**What the exercise asks:** Pictures must not appear in the copy. Set down exactly the line with "Fringe Hem Open" and each line after it through the end of the data below.
=== Data ===
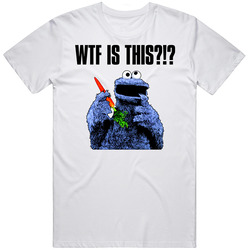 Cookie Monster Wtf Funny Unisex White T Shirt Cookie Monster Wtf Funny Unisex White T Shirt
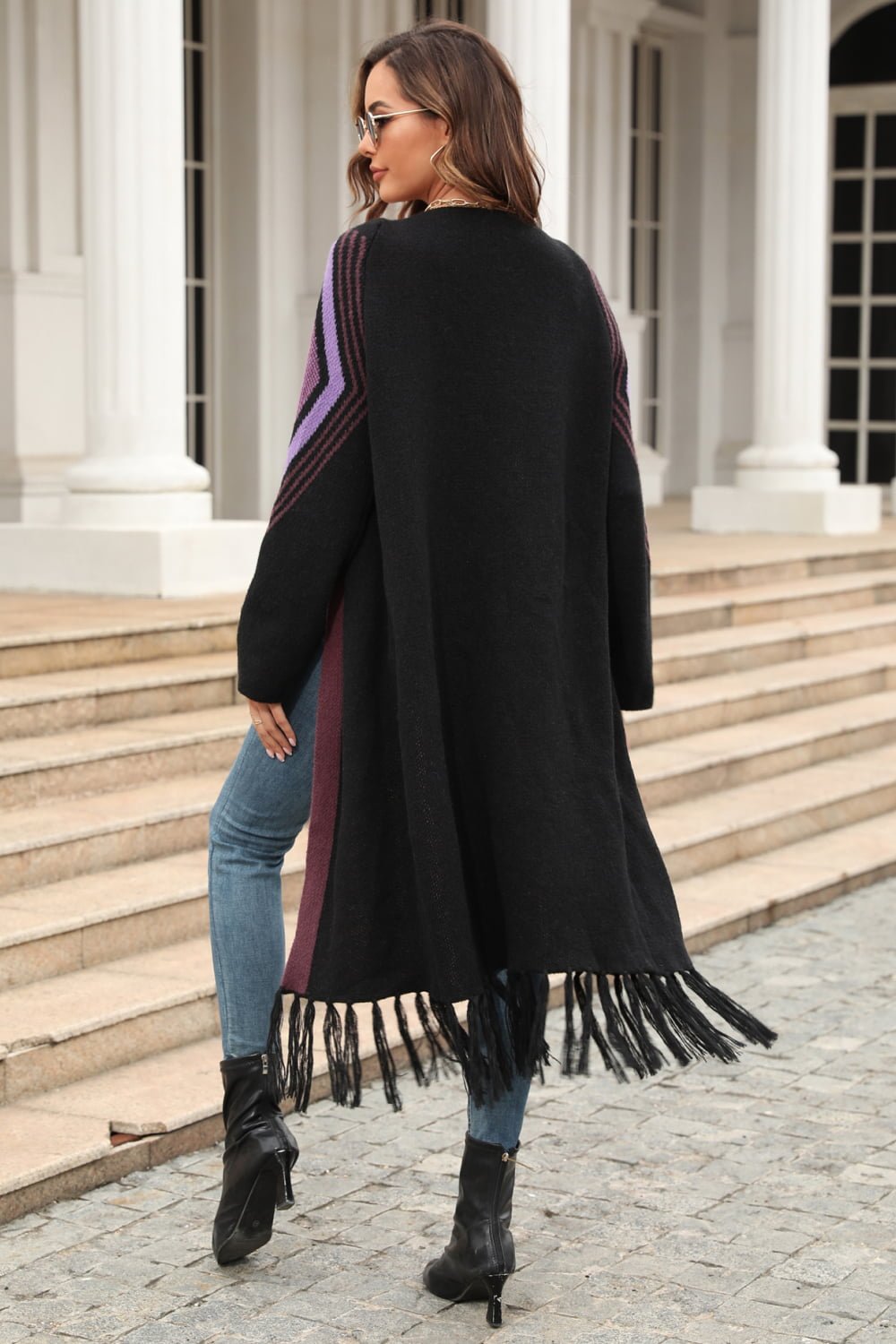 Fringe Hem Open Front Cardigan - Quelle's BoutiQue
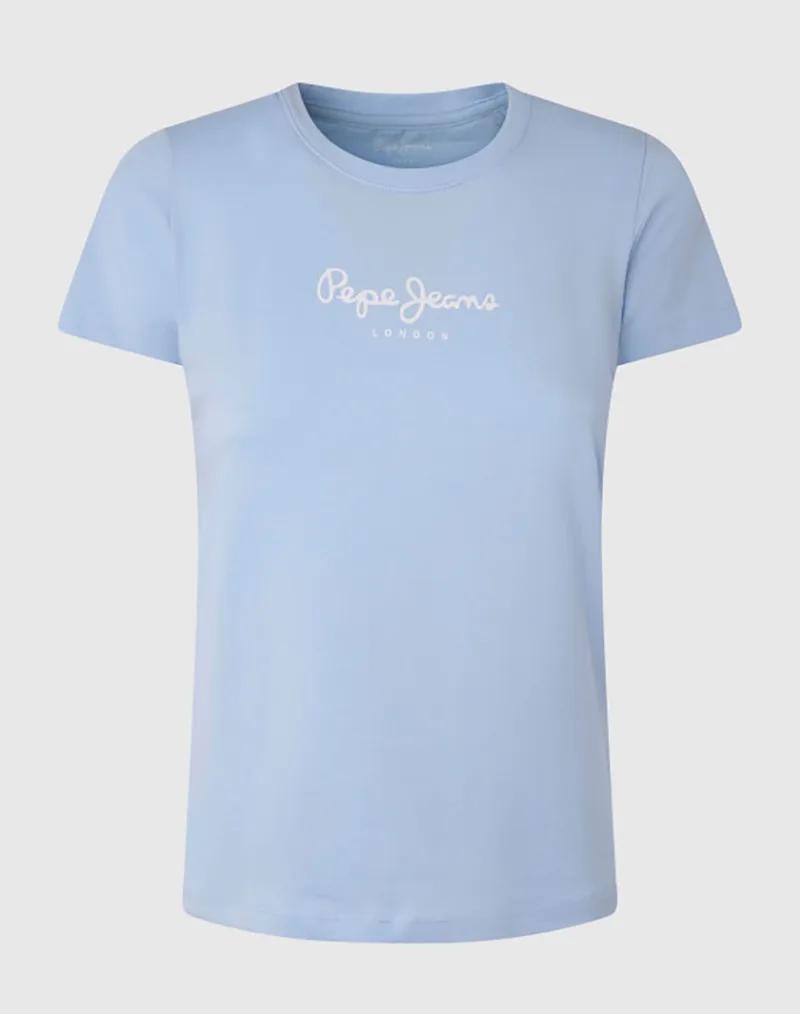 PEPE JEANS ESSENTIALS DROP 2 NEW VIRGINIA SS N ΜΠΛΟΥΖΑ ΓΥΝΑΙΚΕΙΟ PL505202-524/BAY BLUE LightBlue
===
**Reply to the exercise:**
 Fringe Hem Open Front Cardigan - Quelle's BoutiQue
 PEPE JEANS ESSENTIALS DROP 2 NEW VIRGINIA SS N ΜΠΛΟΥΖΑ ΓΥΝΑΙΚΕΙΟ PL505202-524/BAY BLUE LightBlue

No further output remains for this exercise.